Los focos del nuevo profesional de
la fotografía estaban calentando el rincón en donde haríamos el destrozo del pastel.
Teníamos que quedarnos en pañales y colocarnos delante del pastel. Primero fue
Georgia: tímida, sutil, primero con un dedo, como de persona mayor: “Ahora le
doy caña al pastel y os vais a enterar”, parecía decir su cara. La madre de
Georgia le ayudó a destrozar el pastel —que ella había preparado— y lo machacó.
El suelo se quedó perdido, grasiento, con tonos morados que hacían juego con el
papel de la pared.
Después llegó mi turno. Me había
pasado el tiempo de espera investigando la casa de mi amiga. Tenía frío, porque
la lluvia de afuera seguía machacando las paredes de la casa, y sobre todo,
porque lejos de los focos no hacía calor.
Me coloqué en el lugar en donde
minutos antes había estado Georgia. Me pusieron el pastel delante —el que mami
había preparado para mí la noche anterior— y miré fijamente a los espectadores.
Puse cara de pedir permiso sin que luego me fuesen a pedir explicaciones: “¿De
verdad puedo comerme todo éste pastel?”
—¡Vamos Maia, cómete el pastel! —me
gritaban desde la otra parte de los focos.
Les hice caso. Empecé tímida, sutil,
primero con un dedo, pero luego me desaté.
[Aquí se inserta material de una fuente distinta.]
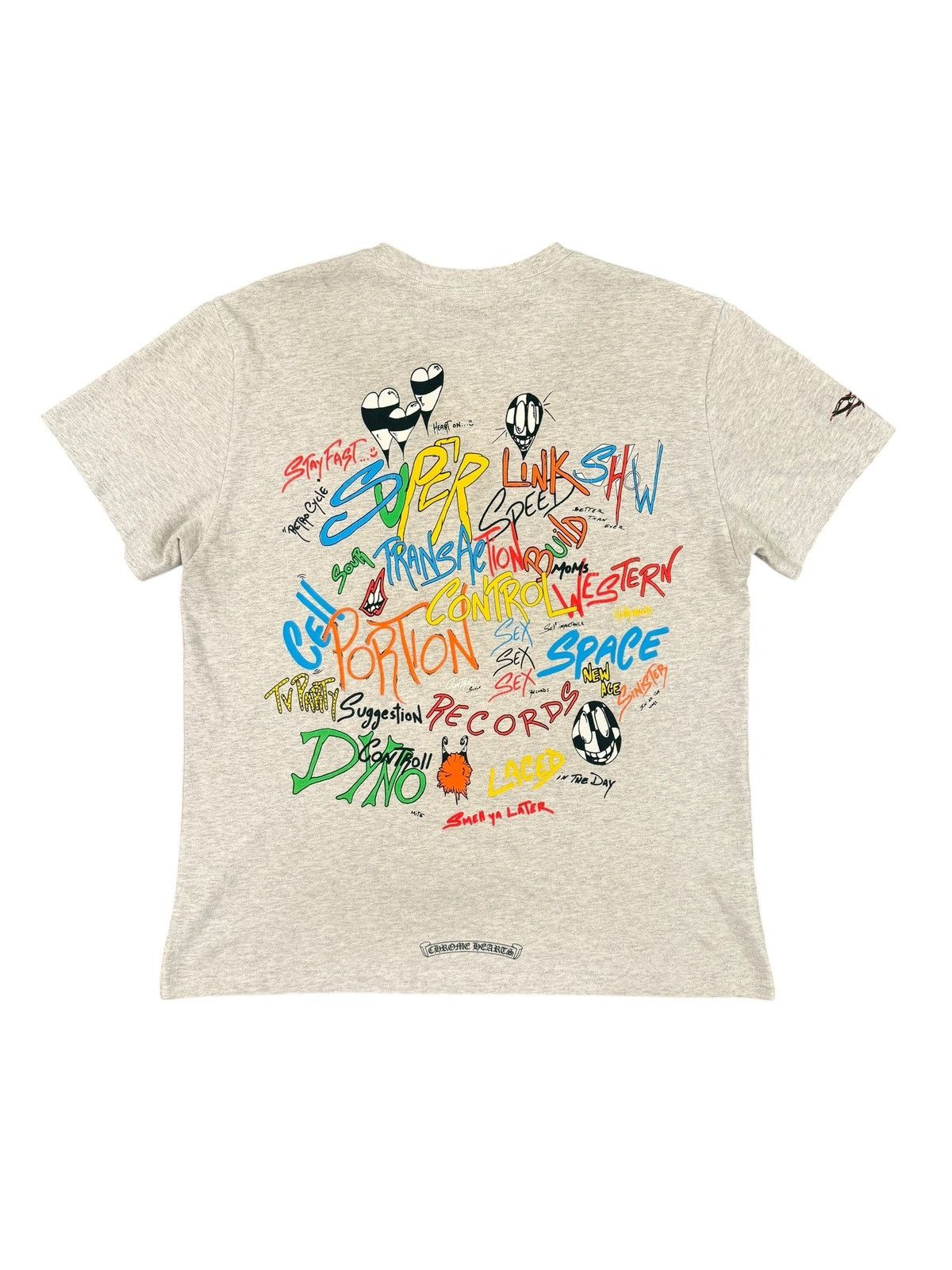 Chrome Hearts Chrome Hearts Matty Boy Whole Brain Tee Shirt Size US XL / EU 56 / 4 - 1 Thumbnail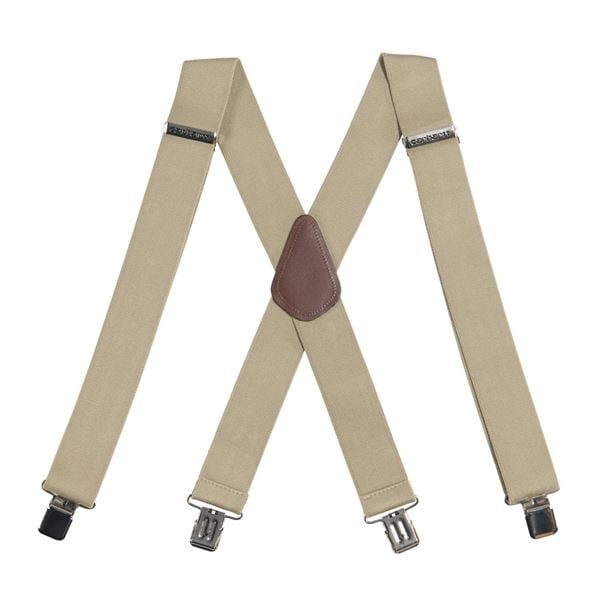 Carhartt Elastic Adjustable Clip-On Braces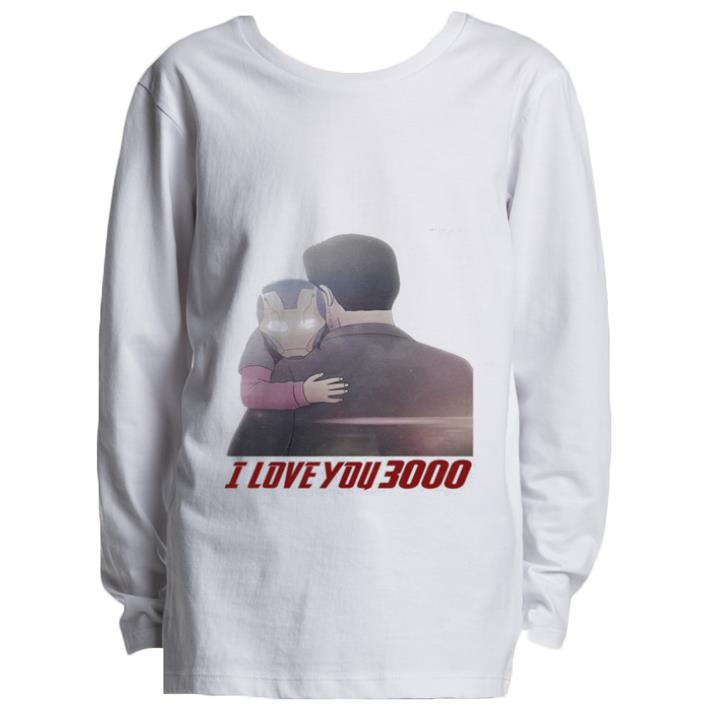 Premium Iron Man Morgan Stark I Love You 3000 shirt 2 Premium Iron Man Morgan Stark I Love You 3000 shirt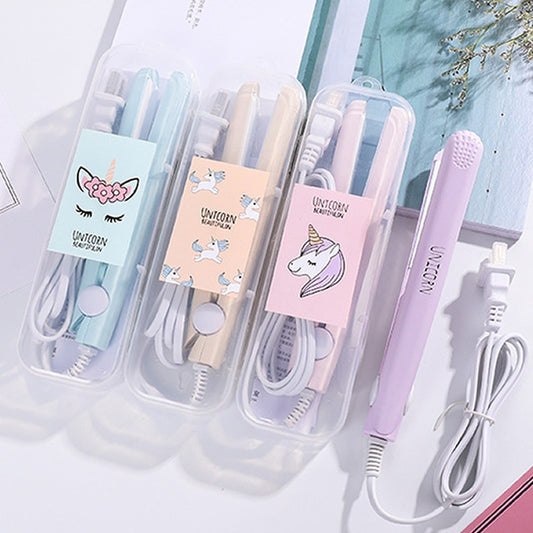 LANÇAMENTO  Mini Alisador De Cabelo  super prático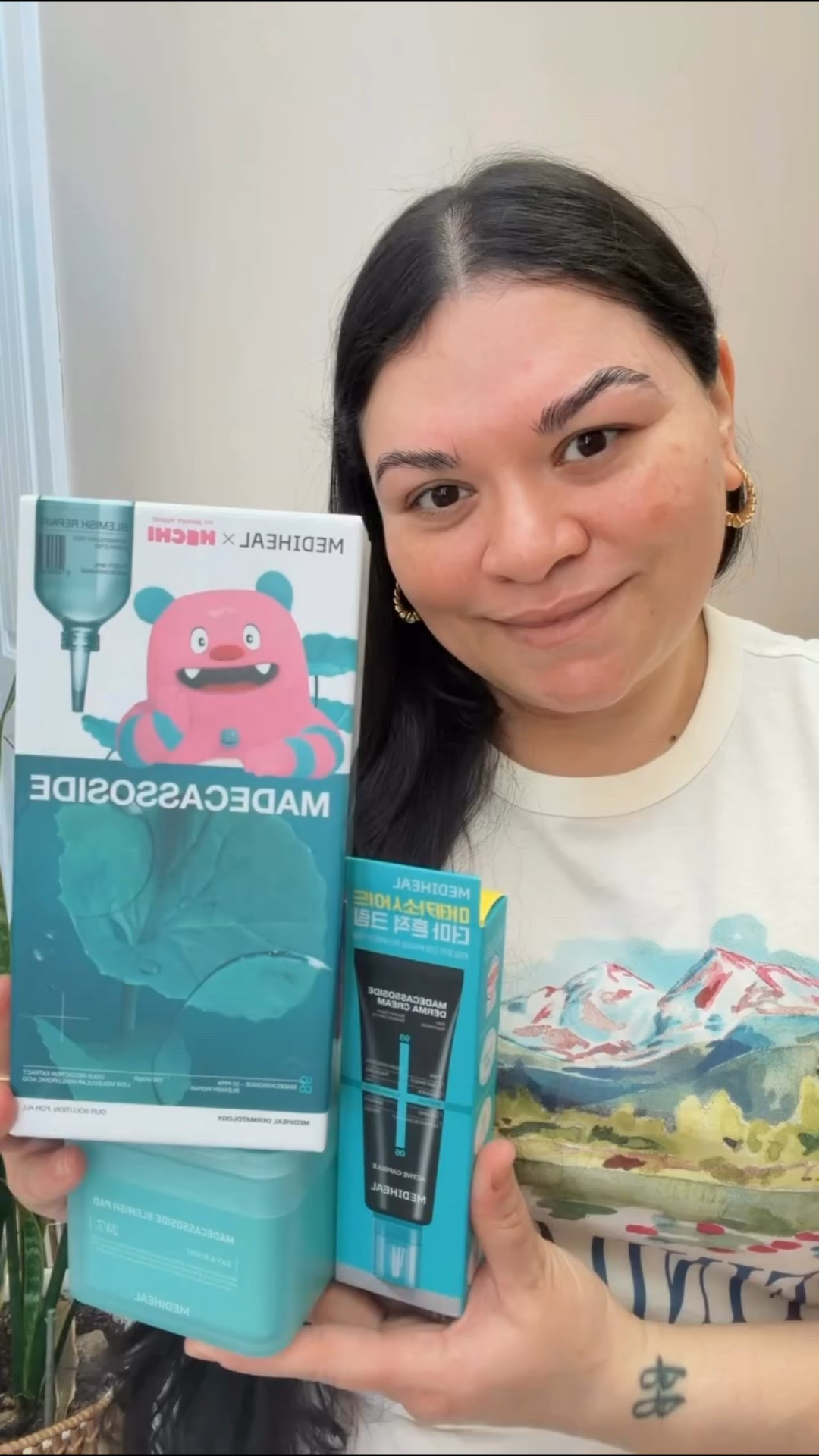 Yes, 40+ skin can still get blemishes. Hormones, stress, and slower cell turnover play a role. It’s normal—and it doesn’t mean your skincare is failing.You can try MEDIHEAL it is gentle to your skin always will Soothe your skin & Anti-Redness and Barrier Support which is important. 

* MADECASSOSIDE BLEMISH PAD
* MADECASSOSIDE ESSENTIAL MASK BLEMISH REPAIR
* MADECASSOSID Blemish Repair Derma Cream

༄˖° ✨ Shopping made easy—just hit up my bio link ! 

 ✨All content (photos, videos, captions) belongs to @perla_gharbi ✨ Use without permission is prohibited.

♡ Thank you, Perla Gharbi ♡

#40plusskincare #skincare #skincareroutine #blemishcontrol

#LTKselfcare #LTKgrwm #LTKOver40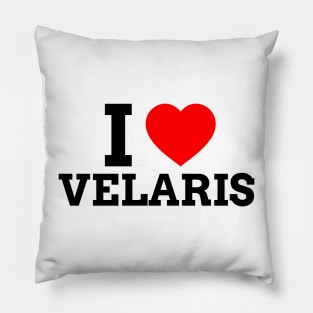 I heart Velaris Pillow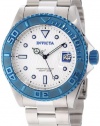 Invicta Men's 12835 Pro Diver Automatic Silver Dial Watch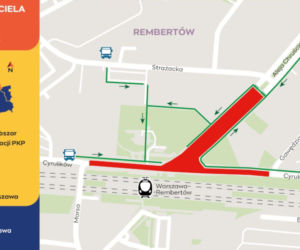 Rusza budowa tunelu w Rembertowie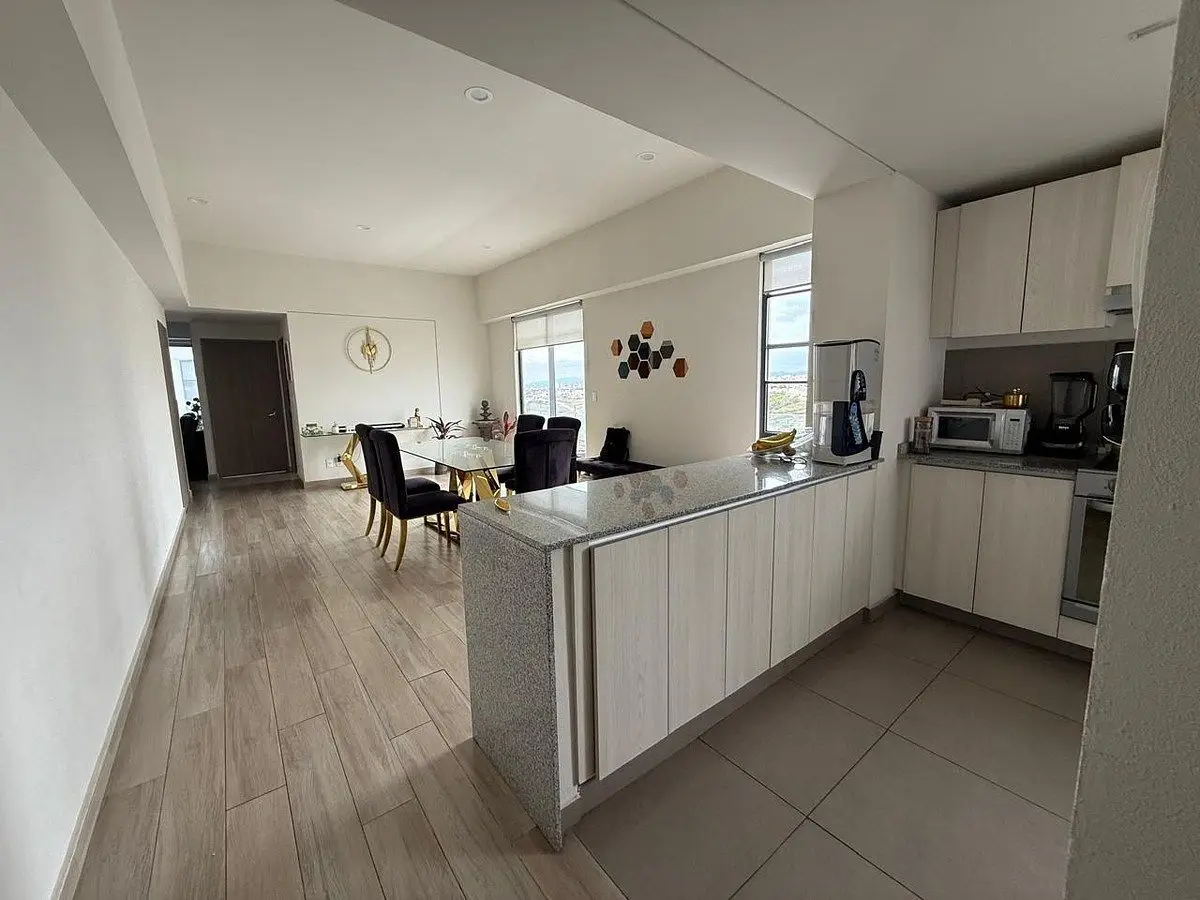 Departamento con Terraza Residencial del Parque Queretaro — foto 6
Paseaba la mano derecha, como
planchando el pastel, por encima de la crema; y luego con la izquierda, con mi
minúsculo dedo índice, rasgaba el lateral del relleno del pastel y se los
enseñaba.
“Mirad lo que tengo”, decía ahora mi
cara.
Después de destrozar mi pastel, no
lloré. Y además, afuera dejó de llover.